Ce goût de Barrés pour les hommes vraiment intérieurs; cet amour qu'il eut des belles âmes, le guida vers les plus humbles, vers les plus secrètes. Un jour qu'André Lafon surveillait des enfants dans le jardin du collège de Sainte-Croix, on l'avertit que quelqu'un l'attendait au parloir: c'était Barrés —Barrés “l'amateur d'âmes”, mais non plus au sens où il l'entendait dans le temps de sa terrible et splendide jeunesse; déjà ne l'attiraient plus que celles qui, à l'exemple de Jacqueline Pascal, ne veulent mettre de limite à la pureté ni à la perfection. Certes, il se peut que ce désir de se dépasser, si d'abord il nous ouvre la voie du grand art, à mesure que nous avançons, nous détache de toute gloire humaine. S'il n'existe de très grands romanciers que chez les peuples religieux, si la religion seule est créatrice de conflits, nul doute pourtant qu'elle détourne ses fidèles de peindre dangereusement les passions et qu'elle tue le romancier pour que le saint s'épanouisse: la sainteté, c'est presque toujours le silence.
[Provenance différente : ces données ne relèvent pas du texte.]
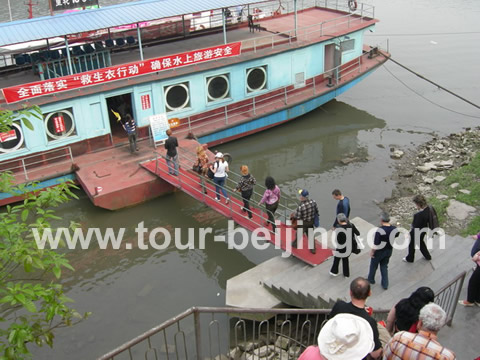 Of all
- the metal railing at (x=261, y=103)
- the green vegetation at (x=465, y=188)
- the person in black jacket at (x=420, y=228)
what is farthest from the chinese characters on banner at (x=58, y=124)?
the green vegetation at (x=465, y=188)

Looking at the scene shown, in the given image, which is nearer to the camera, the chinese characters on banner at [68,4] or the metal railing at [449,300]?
the metal railing at [449,300]

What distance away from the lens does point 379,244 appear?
9.27m

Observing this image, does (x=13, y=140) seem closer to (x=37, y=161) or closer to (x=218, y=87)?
(x=37, y=161)

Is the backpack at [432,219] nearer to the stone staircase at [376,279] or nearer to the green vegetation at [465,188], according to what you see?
the stone staircase at [376,279]

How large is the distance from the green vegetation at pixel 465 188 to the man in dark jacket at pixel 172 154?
23.6 ft

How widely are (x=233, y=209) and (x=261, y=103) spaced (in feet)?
23.5

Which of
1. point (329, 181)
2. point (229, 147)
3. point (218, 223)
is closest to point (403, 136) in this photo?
point (329, 181)

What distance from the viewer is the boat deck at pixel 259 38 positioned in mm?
18125

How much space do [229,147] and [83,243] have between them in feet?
22.4

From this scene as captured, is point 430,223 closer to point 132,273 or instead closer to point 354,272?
point 354,272

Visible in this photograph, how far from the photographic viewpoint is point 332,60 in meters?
21.0

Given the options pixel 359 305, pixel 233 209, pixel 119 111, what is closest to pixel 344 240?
pixel 359 305

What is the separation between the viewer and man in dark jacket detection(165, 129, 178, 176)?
14672mm

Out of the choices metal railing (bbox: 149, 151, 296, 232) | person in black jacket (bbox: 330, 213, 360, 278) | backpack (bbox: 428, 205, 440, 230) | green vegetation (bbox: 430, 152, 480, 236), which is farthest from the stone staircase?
green vegetation (bbox: 430, 152, 480, 236)
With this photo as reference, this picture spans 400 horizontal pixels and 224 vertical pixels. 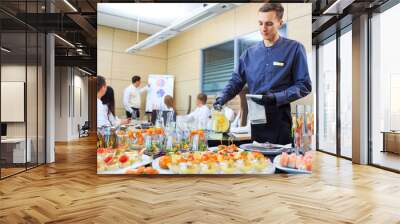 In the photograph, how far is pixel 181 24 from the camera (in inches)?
199

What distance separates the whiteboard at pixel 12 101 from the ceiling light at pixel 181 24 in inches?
79.3

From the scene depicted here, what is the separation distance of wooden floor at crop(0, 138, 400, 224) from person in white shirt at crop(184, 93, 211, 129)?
2.74ft

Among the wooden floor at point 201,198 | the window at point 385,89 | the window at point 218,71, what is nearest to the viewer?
the wooden floor at point 201,198

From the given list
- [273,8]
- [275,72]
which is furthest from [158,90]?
[273,8]

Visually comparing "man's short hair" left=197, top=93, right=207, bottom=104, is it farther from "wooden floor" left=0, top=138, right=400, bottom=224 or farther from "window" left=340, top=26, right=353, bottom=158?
"window" left=340, top=26, right=353, bottom=158

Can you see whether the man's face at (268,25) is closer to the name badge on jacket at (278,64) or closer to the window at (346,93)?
the name badge on jacket at (278,64)

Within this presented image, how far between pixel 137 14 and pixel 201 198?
2.84 meters

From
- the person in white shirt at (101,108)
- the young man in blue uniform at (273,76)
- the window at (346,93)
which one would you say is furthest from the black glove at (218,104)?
the window at (346,93)

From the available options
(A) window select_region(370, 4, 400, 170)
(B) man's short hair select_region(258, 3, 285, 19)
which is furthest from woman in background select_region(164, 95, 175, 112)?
(A) window select_region(370, 4, 400, 170)

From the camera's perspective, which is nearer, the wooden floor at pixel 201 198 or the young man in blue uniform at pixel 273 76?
the wooden floor at pixel 201 198

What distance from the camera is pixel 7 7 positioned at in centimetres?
509

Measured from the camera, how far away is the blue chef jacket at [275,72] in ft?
16.3

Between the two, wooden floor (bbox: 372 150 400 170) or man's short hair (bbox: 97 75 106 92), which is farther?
wooden floor (bbox: 372 150 400 170)

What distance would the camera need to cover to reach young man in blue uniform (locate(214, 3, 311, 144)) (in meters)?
4.96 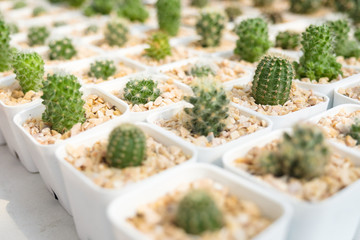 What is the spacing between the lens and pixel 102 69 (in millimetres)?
3545

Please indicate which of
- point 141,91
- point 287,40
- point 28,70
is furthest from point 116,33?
point 287,40

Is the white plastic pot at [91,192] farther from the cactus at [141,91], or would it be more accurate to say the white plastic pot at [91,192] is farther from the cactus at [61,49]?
the cactus at [61,49]

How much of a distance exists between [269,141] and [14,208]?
1.83 meters

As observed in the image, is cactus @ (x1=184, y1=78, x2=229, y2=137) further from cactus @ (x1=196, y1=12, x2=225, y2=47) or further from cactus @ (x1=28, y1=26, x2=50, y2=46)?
cactus @ (x1=28, y1=26, x2=50, y2=46)

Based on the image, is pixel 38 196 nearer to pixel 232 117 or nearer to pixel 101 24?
pixel 232 117

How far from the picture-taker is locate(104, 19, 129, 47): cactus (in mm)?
4332

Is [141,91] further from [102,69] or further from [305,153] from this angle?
[305,153]

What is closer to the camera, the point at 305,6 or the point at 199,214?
the point at 199,214

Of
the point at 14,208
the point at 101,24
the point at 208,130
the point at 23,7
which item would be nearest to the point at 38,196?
the point at 14,208

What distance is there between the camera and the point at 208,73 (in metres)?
3.42

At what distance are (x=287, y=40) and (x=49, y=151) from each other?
285 cm

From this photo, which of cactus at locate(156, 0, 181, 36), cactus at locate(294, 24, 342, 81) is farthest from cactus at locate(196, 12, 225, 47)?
cactus at locate(294, 24, 342, 81)

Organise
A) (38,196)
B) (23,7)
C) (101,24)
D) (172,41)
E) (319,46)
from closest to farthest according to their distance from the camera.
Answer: (38,196)
(319,46)
(172,41)
(101,24)
(23,7)

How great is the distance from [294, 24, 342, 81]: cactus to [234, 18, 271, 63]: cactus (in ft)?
1.67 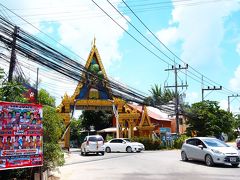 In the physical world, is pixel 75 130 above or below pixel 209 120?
below

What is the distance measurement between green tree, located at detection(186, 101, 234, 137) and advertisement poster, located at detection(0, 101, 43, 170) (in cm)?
3734

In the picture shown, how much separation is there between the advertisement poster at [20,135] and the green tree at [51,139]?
3.58ft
J'entrevois qu'André Lafon vivant n'aurait plus guère écrit que de fervents et brefs poèmes. Mais c'est lorsque Pascal renonce toute ambition et toute gloire que des cris lui échappent qui nous bouleversent encore. André Lafon à genoux et les mains unies, que n'eût-il exhalé dans le silence de son amour?

Notes et références

  1. On se souvient que l'auteur de la Maison pauvre, de l'Elève Gilles (qui obtint le Grand Prix du Roman l'année même de sa fondation), et de la Maison sur la rive, mourut d'une fièvre scarlatine, à l'hôpital militaire, dans l'été de 1915. Notre collaborateur François Mauriac, qui fut son ami, consacrera bientôt à cette mémoire si pure et à cette œuvre si noble un livre (chez Bloud et Gay), dont les pages que voici formeront la conclusion.